Oh boy. Then there’s the compass or cardinal definitions model for marketers: N=needs, W=wants, S=security, and E=education. We can go on forever. But I have my own model that is even simpler.
I’ll call it my IDC model, just to fit into the scheme of the conversation.
I= increase revenues. Find a way to position the company and the product to be wanted so much that it moves into the needs column for the consumer. Use all the techniques you learn in marketing classes to drive demand. Higher demand results in higher prices—if there is limited supply. Or, with or without limits on supply, higher demand results in greater revenues, satisfying the “I” in the formula.
D=Decrease costs. With greater demand comes the option to increase production and gain efficiencies of scale, driving costs down in the process.
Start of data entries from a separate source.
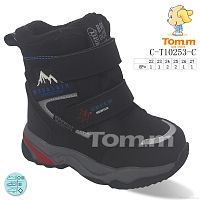 Дутики C-T10253-C TOM.M / p. 22-27 / 8пар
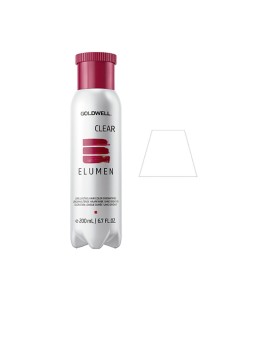 Goldwell ELUMEN colore per capelli a lunga durata senza ossidanti CLEAR 200 ml Unisex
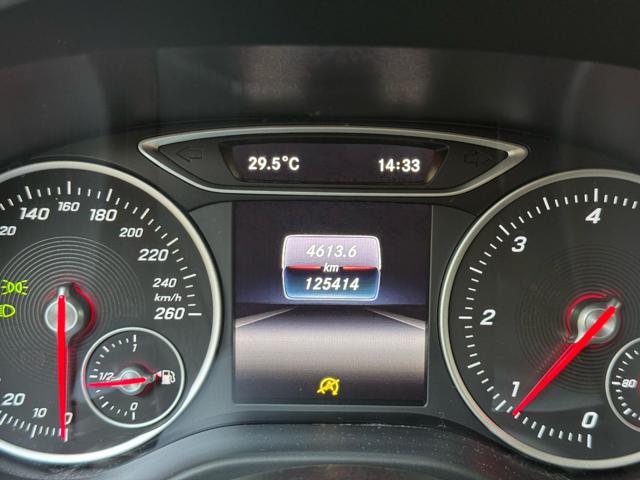 MERCEDES-BENZ A 180 usata, con Immobilizzatore elettronico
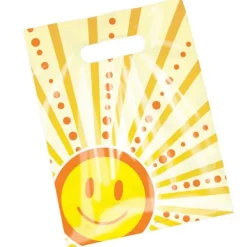 Scatter Smiley Guy Sunshine Bags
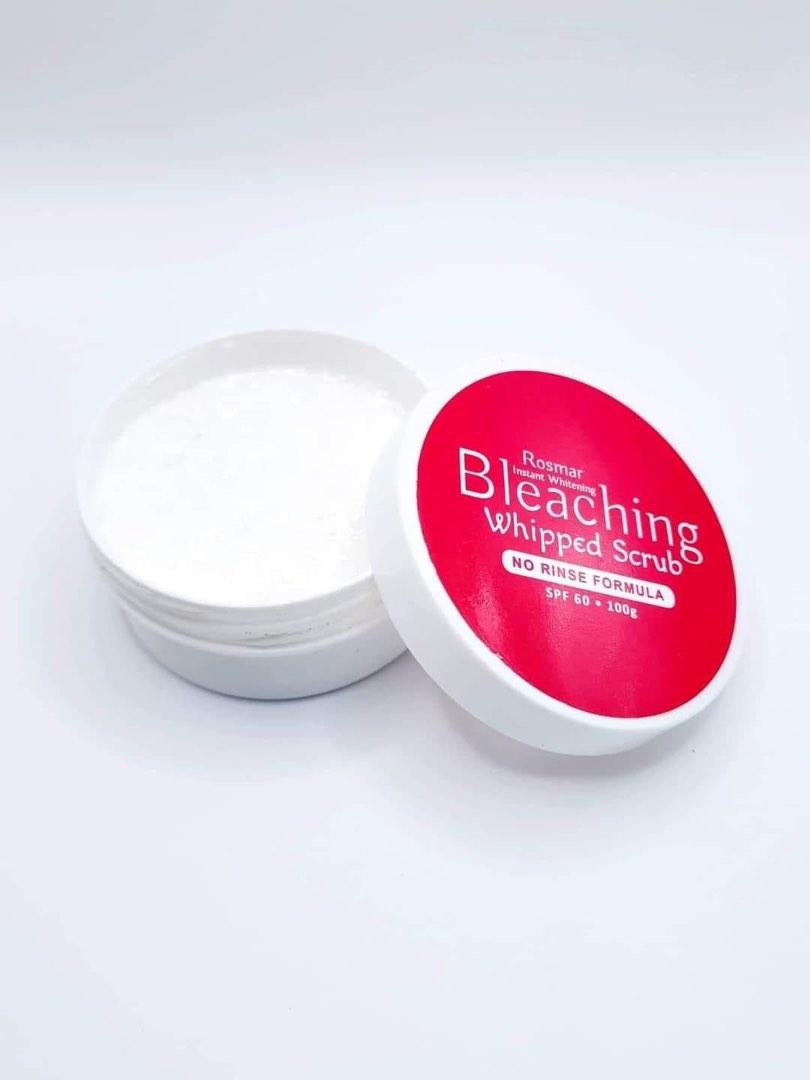 Rosmar - Bleaching Whipped Scrub SPF60 (100g)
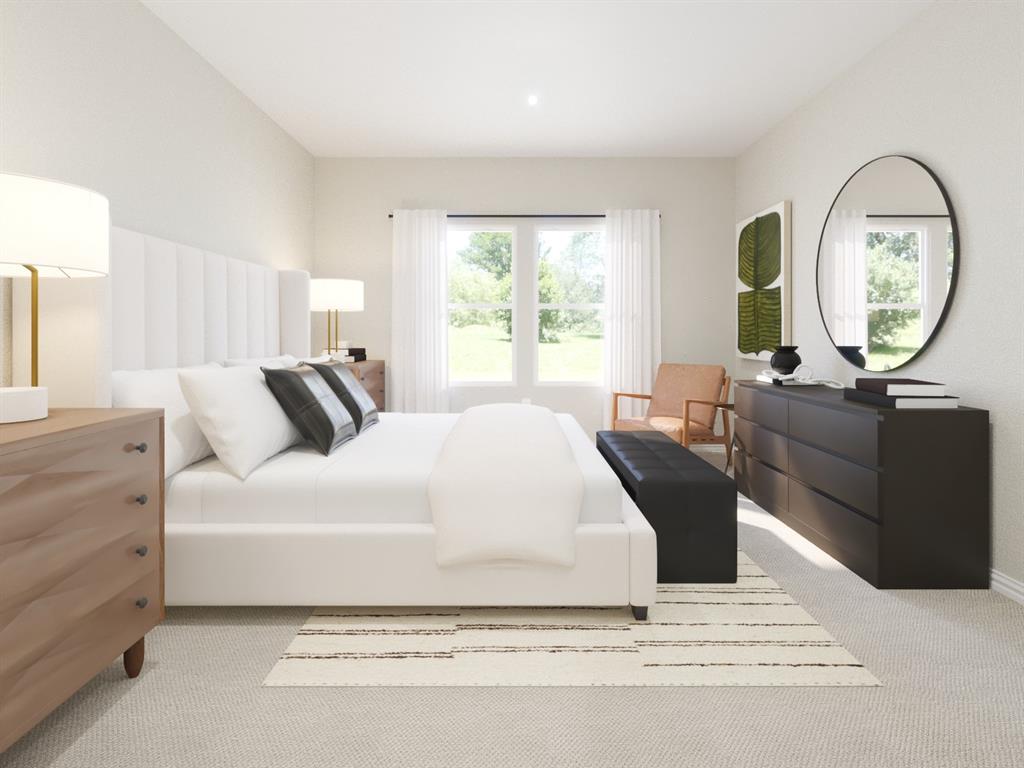 Photo is not of the actual home, but is an inspirational photo of builder’s model home and may depict options, furnishings, and/or decorator features that are not included.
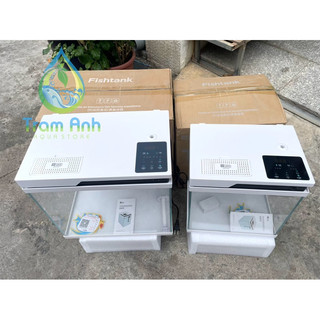 YEE Bể cá để bàn thông minh đa chức năng  - decor.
Even without higher demand, reducing costs should always be a focus for management to provide breathing room for increased profits.
And finally: C=Customers, and more customers. Marketing should provide a pool of ready to listen customers, no matter what the price or complexity of the product. More importantly for management, finding a way to focus on extreme customer service will be the most inexpensive, effective marketing tool of all. Existing customers have low acquisition costs, addressing the “D” in the equation. Extremely happy existing customers are the greatest marketers you will ever have.
Increase revenues, decrease costs, and better serve customers. IDC: that could be a motto or even a manifesto for any good management team. And it’s a good place to start a focus upon positioning.